>>>>
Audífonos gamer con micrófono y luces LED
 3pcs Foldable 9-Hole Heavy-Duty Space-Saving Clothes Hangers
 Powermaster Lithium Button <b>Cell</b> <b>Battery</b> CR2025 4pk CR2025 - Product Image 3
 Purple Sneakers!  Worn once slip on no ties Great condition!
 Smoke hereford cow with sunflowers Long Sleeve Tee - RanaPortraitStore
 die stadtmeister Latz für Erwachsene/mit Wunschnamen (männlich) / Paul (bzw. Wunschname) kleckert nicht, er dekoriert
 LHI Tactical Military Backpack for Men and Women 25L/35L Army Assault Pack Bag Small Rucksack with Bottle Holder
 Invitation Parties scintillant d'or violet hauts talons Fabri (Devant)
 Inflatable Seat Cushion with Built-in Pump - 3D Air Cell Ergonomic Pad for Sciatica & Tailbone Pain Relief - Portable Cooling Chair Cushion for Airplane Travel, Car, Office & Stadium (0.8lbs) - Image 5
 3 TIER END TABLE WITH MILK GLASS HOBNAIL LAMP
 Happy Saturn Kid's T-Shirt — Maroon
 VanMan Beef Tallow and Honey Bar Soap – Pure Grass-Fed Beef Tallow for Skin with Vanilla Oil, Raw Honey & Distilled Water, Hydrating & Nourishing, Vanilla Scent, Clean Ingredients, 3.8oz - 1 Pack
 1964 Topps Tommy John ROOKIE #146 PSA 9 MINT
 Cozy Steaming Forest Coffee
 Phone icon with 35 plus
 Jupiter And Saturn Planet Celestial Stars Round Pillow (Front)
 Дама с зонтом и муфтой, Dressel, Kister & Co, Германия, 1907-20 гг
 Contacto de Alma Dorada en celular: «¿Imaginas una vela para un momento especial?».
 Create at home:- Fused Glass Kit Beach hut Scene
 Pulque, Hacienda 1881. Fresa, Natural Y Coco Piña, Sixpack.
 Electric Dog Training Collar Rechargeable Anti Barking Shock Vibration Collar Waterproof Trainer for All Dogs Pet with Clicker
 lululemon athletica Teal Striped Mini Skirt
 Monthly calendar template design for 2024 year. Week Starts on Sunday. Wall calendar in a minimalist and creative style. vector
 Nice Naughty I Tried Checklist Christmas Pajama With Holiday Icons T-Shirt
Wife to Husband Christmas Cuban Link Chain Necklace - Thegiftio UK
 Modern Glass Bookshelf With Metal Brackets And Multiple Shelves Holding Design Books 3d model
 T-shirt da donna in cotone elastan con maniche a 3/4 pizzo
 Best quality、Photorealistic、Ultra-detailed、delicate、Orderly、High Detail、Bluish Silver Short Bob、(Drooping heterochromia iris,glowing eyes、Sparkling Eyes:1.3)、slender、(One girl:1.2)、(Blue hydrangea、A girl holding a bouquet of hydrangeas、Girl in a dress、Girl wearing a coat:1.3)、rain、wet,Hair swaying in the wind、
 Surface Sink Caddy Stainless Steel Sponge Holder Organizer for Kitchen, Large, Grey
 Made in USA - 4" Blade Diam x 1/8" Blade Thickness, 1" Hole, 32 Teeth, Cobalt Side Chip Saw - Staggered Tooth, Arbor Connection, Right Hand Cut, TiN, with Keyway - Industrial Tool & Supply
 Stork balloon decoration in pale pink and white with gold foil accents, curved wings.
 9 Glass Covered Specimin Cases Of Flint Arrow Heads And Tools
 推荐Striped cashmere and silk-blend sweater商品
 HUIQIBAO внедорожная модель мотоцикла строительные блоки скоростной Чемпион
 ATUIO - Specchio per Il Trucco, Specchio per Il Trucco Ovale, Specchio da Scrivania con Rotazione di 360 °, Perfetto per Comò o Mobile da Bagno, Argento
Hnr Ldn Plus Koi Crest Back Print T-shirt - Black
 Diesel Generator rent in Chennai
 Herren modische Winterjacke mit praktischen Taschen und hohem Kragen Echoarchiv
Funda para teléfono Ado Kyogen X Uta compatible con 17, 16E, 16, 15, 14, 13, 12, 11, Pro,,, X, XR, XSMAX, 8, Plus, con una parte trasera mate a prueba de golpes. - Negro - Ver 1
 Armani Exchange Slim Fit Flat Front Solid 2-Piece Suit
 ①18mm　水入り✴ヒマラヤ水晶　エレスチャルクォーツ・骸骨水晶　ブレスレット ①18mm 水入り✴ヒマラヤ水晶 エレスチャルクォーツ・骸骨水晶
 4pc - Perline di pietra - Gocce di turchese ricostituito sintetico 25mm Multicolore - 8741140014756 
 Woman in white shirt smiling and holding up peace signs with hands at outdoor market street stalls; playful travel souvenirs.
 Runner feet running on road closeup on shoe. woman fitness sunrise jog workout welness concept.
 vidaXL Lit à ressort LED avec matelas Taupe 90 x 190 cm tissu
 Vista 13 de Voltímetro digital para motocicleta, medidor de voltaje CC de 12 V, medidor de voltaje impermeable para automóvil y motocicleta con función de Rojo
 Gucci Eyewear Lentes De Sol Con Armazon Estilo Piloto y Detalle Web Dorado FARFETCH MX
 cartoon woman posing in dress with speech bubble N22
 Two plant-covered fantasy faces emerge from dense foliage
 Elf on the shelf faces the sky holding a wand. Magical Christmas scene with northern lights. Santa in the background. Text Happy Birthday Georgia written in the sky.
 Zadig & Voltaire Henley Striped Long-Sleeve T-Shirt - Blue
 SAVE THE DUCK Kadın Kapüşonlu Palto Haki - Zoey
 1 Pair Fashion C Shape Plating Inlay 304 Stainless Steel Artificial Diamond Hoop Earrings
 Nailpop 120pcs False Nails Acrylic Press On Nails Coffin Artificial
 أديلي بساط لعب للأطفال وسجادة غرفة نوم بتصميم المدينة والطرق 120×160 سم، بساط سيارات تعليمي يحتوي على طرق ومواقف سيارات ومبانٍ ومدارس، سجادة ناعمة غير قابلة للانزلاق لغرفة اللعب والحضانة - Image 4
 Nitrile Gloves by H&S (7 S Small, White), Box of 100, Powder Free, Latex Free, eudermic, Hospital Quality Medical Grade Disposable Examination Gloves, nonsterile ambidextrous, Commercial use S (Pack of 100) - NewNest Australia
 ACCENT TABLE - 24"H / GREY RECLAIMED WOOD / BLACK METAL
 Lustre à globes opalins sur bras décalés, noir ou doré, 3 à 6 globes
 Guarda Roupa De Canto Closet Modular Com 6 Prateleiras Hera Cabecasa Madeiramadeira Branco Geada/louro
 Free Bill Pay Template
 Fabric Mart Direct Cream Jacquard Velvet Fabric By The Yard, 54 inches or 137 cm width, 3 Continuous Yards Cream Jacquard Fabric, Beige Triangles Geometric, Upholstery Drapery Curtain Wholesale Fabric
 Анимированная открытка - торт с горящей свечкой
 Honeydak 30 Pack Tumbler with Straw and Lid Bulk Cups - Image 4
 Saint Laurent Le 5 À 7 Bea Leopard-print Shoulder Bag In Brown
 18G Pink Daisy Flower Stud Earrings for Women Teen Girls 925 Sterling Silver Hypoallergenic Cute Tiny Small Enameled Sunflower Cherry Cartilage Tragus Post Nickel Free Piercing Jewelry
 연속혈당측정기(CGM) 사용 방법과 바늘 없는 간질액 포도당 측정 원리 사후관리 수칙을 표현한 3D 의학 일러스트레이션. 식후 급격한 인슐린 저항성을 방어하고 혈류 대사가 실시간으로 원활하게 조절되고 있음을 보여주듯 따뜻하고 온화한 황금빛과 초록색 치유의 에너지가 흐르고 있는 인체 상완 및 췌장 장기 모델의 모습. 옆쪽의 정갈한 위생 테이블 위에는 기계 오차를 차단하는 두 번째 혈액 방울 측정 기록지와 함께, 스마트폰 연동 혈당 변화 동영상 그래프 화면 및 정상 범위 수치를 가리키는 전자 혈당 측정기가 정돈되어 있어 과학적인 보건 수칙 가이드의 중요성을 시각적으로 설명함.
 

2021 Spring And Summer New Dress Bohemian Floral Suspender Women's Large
<<<<
| Required action |
Retype only this portion of the data above: the line containing "Invitation Parties scintillant", the line containing "3 TIER END TABLE", and all lines between them, exactly.

| Result for this exercise |
 Invitation Parties scintillant d'or violet hauts talons Fabri (Devant)
 Inflatable Seat Cushion with Built-in Pump - 3D Air Cell Ergonomic Pad for Sciatica & Tailbone Pain Relief - Portable Cooling Chair Cushion for Airplane Travel, Car, Office & Stadium (0.8lbs) - Image 5
 3 TIER END TABLE WITH MILK GLASS HOBNAIL LAMP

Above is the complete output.